I read The Da Vinci Code when it first came out. I bought the book and sat down and read it cover to cover in a day while I was on vacation. Then I read it again. The second time I read the book I was near a computer so I took the time to look up the art and some of the concepts referenced in the book. (There’s a newer version out now, with pictures of the referenced art work – I recommend the newer version if you can get your hands on it.)
It’s a good book. I read it cover to cover in a day and I need a riveting plot to get that done. But the plot is the best part of this book. It’s the plot that made it a best seller; the prose is ham-handed and he could have really used some help with line editing. But a good plot makes up for that – and should make for a good movie as you can breeze past the excessive use of adverbs and adjectives and just show what happened.

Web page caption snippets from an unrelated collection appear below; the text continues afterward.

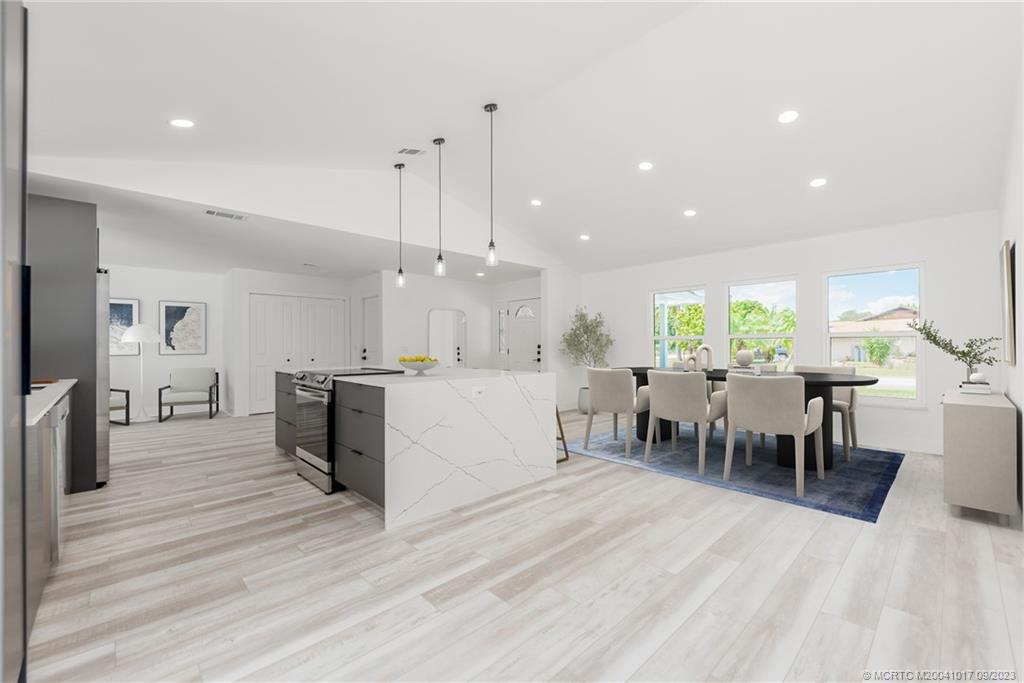 5008 Southeast Major Way Stuart, FL 34997 - Photo 6 of 20 a large kitchen with a table and chairs in it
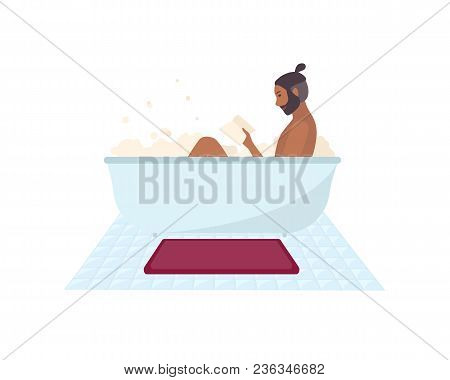 African American Man Sitting In Bathtub Full Of Soap Foam And Reading Book Isolated On White Backgro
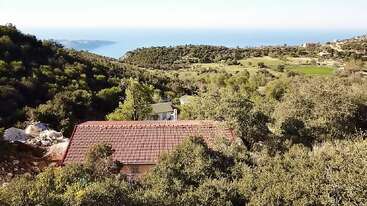 A red-roofed house nestles among dense green trees on a hillside, overlooking fields, distant hills, and the deep blue sea under a clear sky.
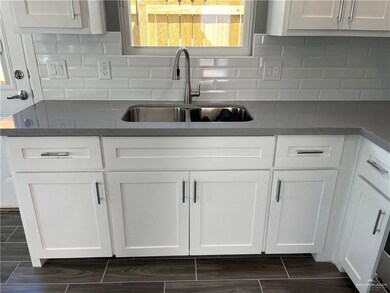 Kitchen featuring sink, tasteful backsplash, and white cabinetry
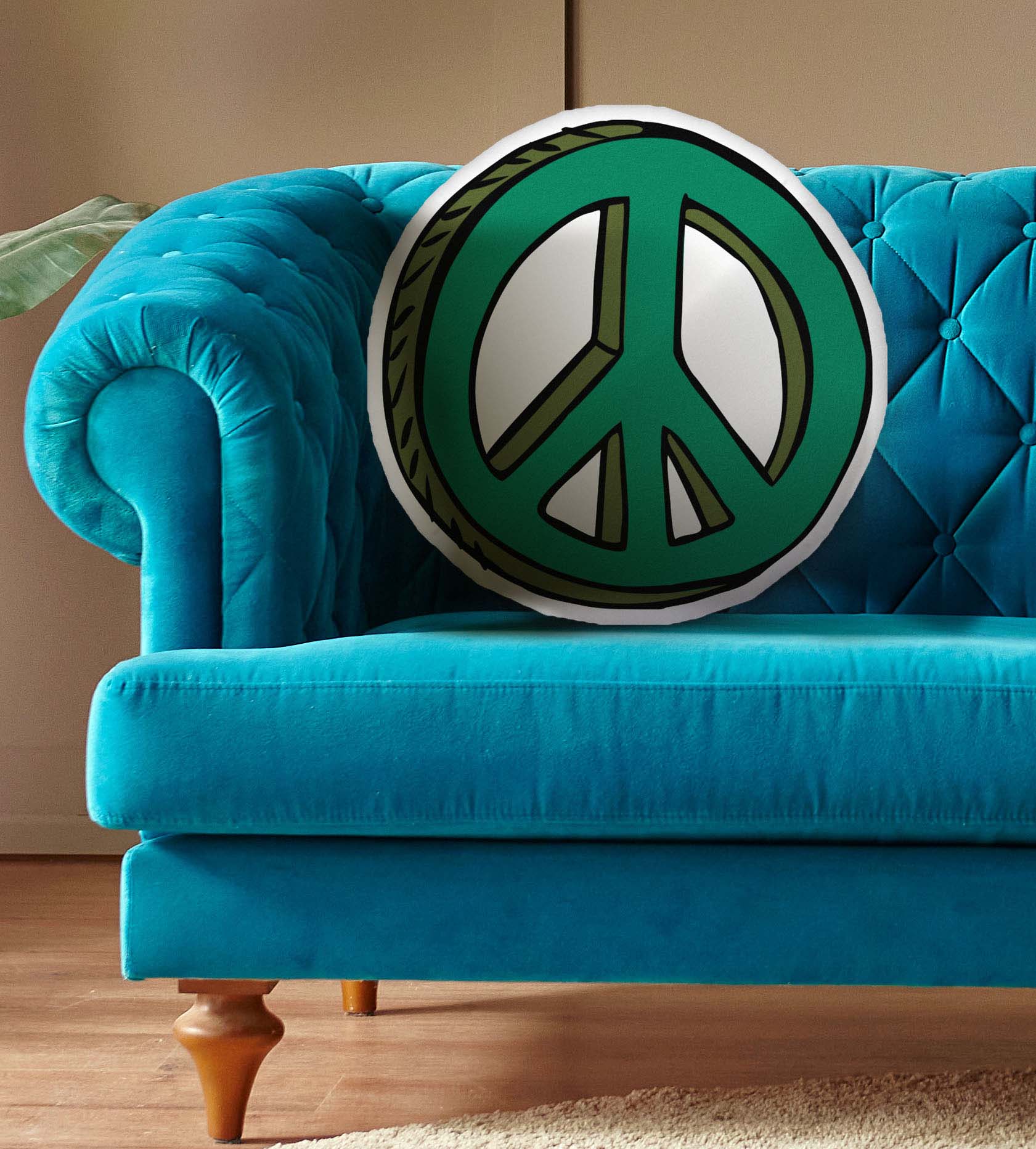 This photo shows the pillow on a bright blue couch.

Controversy? Of course there’s controversy. And that helps with selling books. I read Satanic Verses because of the fatwa imposed on Salman Rushdie (excellent book, by the way). I read banned books. Controversy is the best way to get read.
Here’s what I think:
- The book is a work of fiction. do not use this book for spiritual guidance, that’s not its purpose, it is made for entertainment.

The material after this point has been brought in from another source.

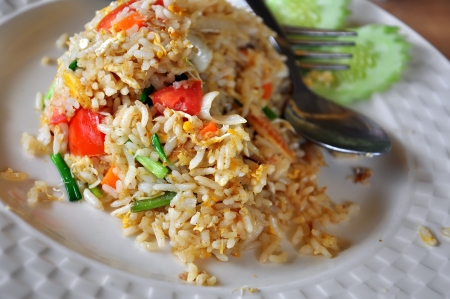 Fried rice with eggs and spoon and forkの写真素材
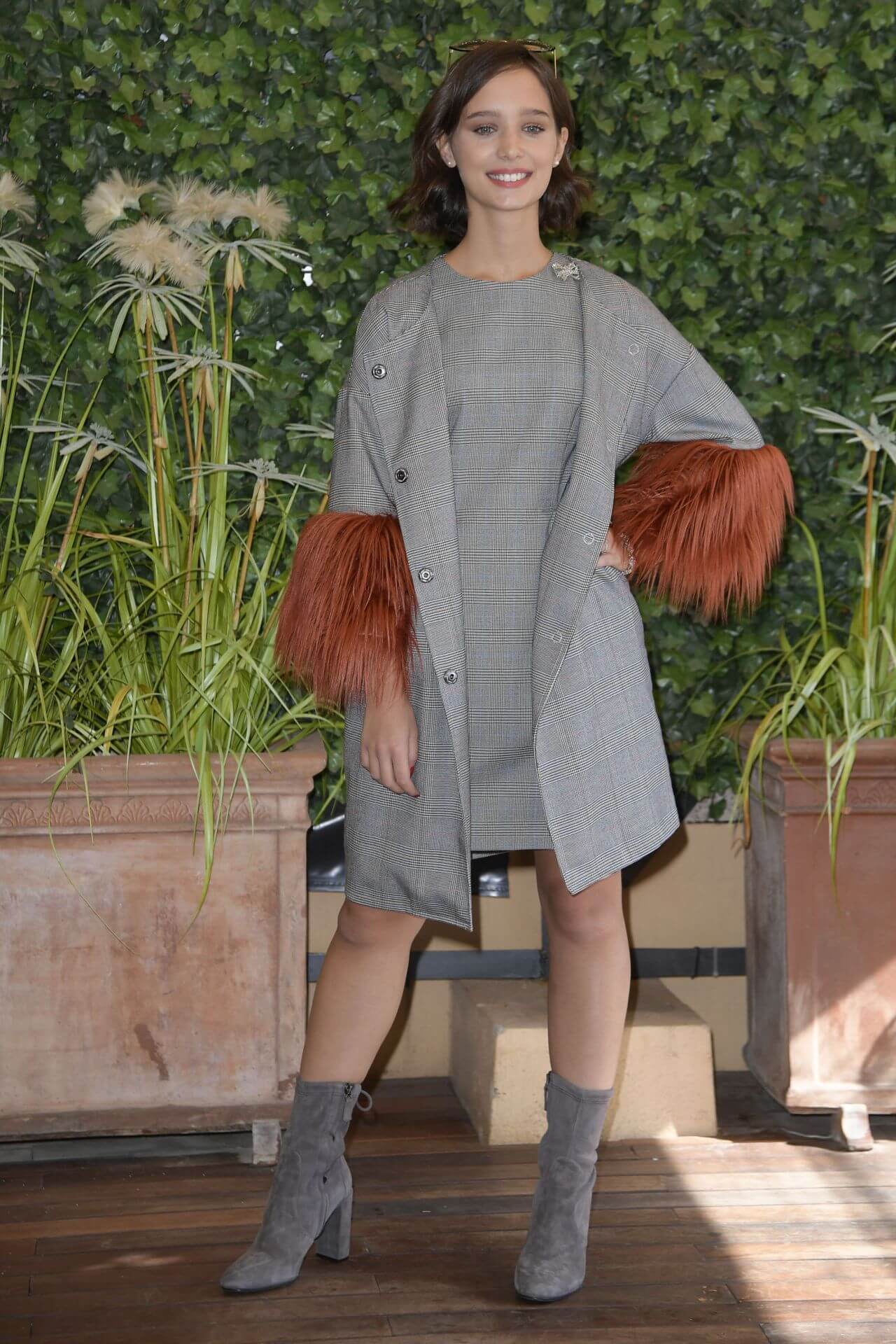 Denise Tantucci In Grey Checked Long Coat With Short Dress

- The controversy is not new – it’s as old as the nicene creed.
- The church will survive the exposure.
- This book gets people thinking and talking (and unfortunately, some people talking without thinking).
- If this book makes you think and even question your faith, that’s good. Unthinking and unquestioned faith is one of the sources of our current problems in the world (and yes, I mean Christians too).
- Use your brain. Try to avoid knee-jerk reactions.